PaperHub
5.0
/10
withdrawn3 位审稿人
最低5最高5标准差0.0
5
5
5
4.3
置信度
ICLR 2024

Retrieval-augmented Text-to-3D Generation

OpenReviewPDF
提交: 2023-09-20更新: 2024-03-26

摘要

关键词
diffusion modelsNeRF3d synthesis

评审与讨论

审稿意见
5

This paper addresses the problem of Text-to-3D generation building on top of the ProlificDreamer variational score distillation (VSD) by integrating retrieved 3D assets into the model optimization procedure. In particular the VSD formulation try to match a parametric distribution of 3D shapes conditioned on a prompt to the distribution of 2D views generated by a text-to-image prior, the authors propose to integrate in the formulation another prior that relies on existing 3D assets retrieved from Objaverse to push the learned distribution of 3D shapes to be more 3D consistent and have less spurious artifacts (e.g., multiple frontal views). Besides being used explicitly in the optimization, rendering from 3D assets are also used to fine tune using LoRA the text-to-image prior to make it more aware of camera views description in the prompt. The result is a text-to-3D model that can generate more faithful 3D models that don’t show multiple repetitions of frontal views. Evaluation is mostly limited to qualitative examples and user studies.

优点

  • The integration of the 3D assets prior into the VSD formulation is quite elegant and clearly helps to generate 3D assets with a more plausible 3D structure and artifacts free. The author provides a detailed mathematical justification for their method, explaining assumptions they consider while developing the final proposed method.

  • The fine tuning of the 2D diffusion prior using 3D assets is a sound idea that clearly seems to help to build 3D awareness into the model. Many previous work did not consider improving this specific aspect of the pipeline and I found interesting the focus of the authors on this aspect.

缺点

Major

a.Experimental evaluation: In my opinion the experimental evaluation of the proposed method is very weak for two main aspects:

  1. The method is compared only against the open source reimplementation of competitors, which clearly underperform compared to the results reported in the respective papers.
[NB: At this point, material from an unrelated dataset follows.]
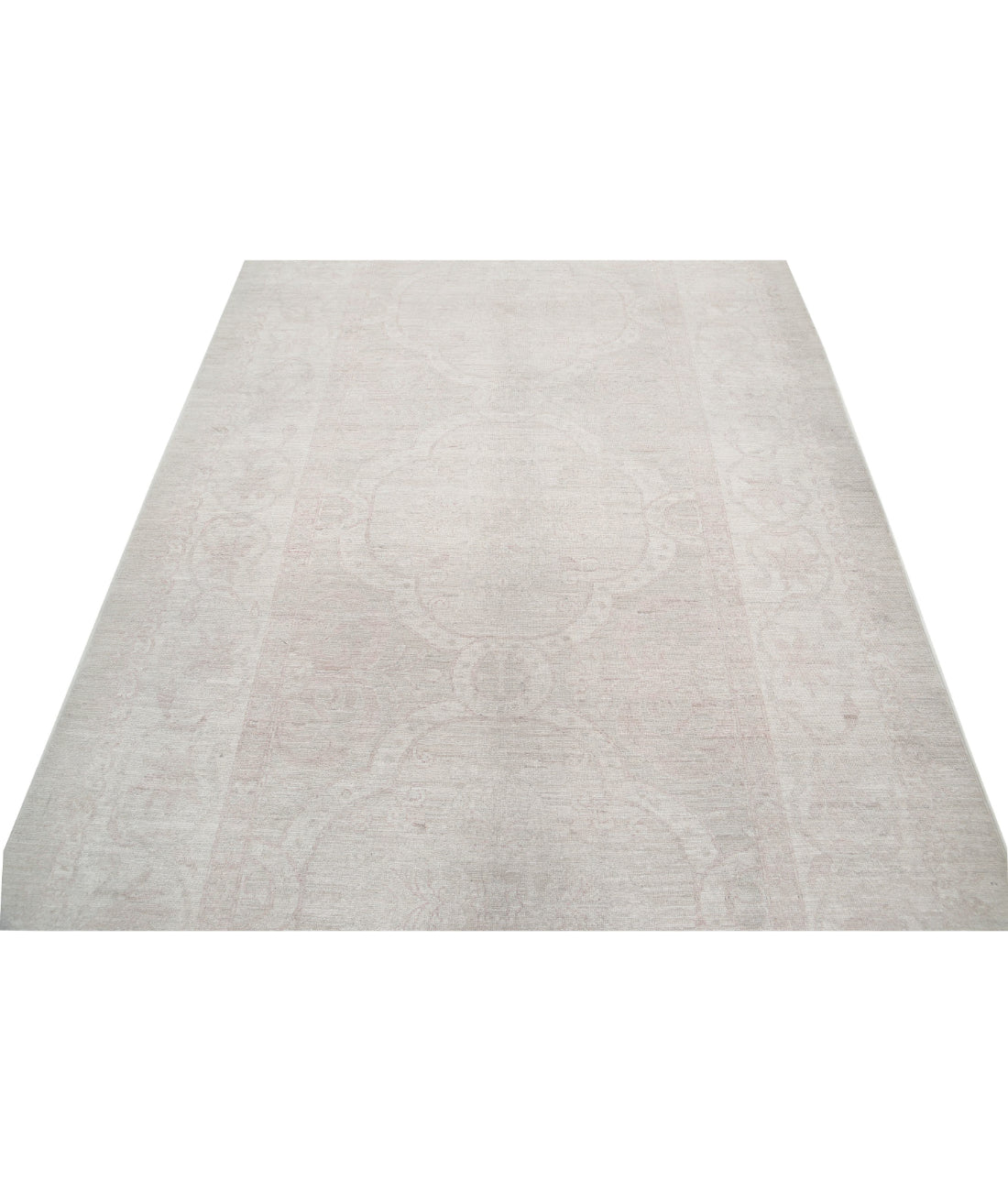 Serenity 5'3'' X 9'9'' Hand-Knotted Wool Rug 5'3'' x 9'9'' (158 X 293) / Taupe / Ivory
The authors clearly report this in the paper, however I think it would be more fair to also report some qualitative comparison to other methods using the same prompts and results from the respective papers. This is what most published method have done to present their results (e.g., Dreamfusion, Magic3D, Fantasia3D). Moreover works like TextMesh and Magic3D on top of the qualitative results report user studies against the publicly available models from the Dreamfusion online gallery. The authors report a user preference study only against the (weaker) open source baseline used for their work. This is striking comparing the results for ProlifcDreamer reported by this work and the one reported in the original paper that seems to be significantly better,
  2. The paper does not incorporate any quantitative evaluation of the quality of the generated 3D assets. Unfortunately this is a trend that many recent works in the field are following but earlier published works like DreamFusion do incorporate some quantitative measurement that might help to quantify advancement on less cherry picked samples.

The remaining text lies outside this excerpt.